WHAT THIS TASK INVOLVES – Of all the lines in the entries below, give again exactly those starting at the line containing "Vista 2 de Littlest Pet Shop Juego de muñecas" and ending at the line containing "Nhận định Wimbledon", both ends included, and no others.

LISTED ENTRIES –
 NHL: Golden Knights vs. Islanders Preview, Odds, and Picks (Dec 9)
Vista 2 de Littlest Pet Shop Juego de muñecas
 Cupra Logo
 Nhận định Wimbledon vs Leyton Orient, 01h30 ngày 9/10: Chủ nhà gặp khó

* * *

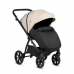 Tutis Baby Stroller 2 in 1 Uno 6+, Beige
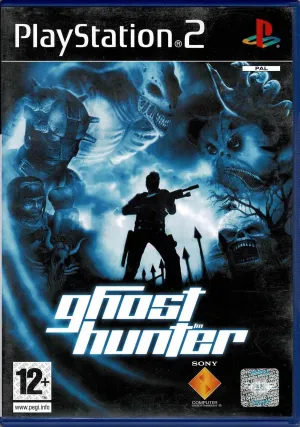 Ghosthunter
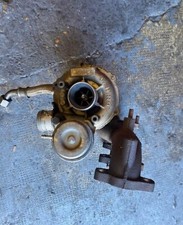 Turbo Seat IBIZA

RESULT OF THE TASK –
Vista 2 de Littlest Pet Shop Juego de muñecas
 Cupra Logo
 Nhận định Wimbledon vs Leyton Orient, 01h30 ngày 9/10: Chủ nhà gặp khó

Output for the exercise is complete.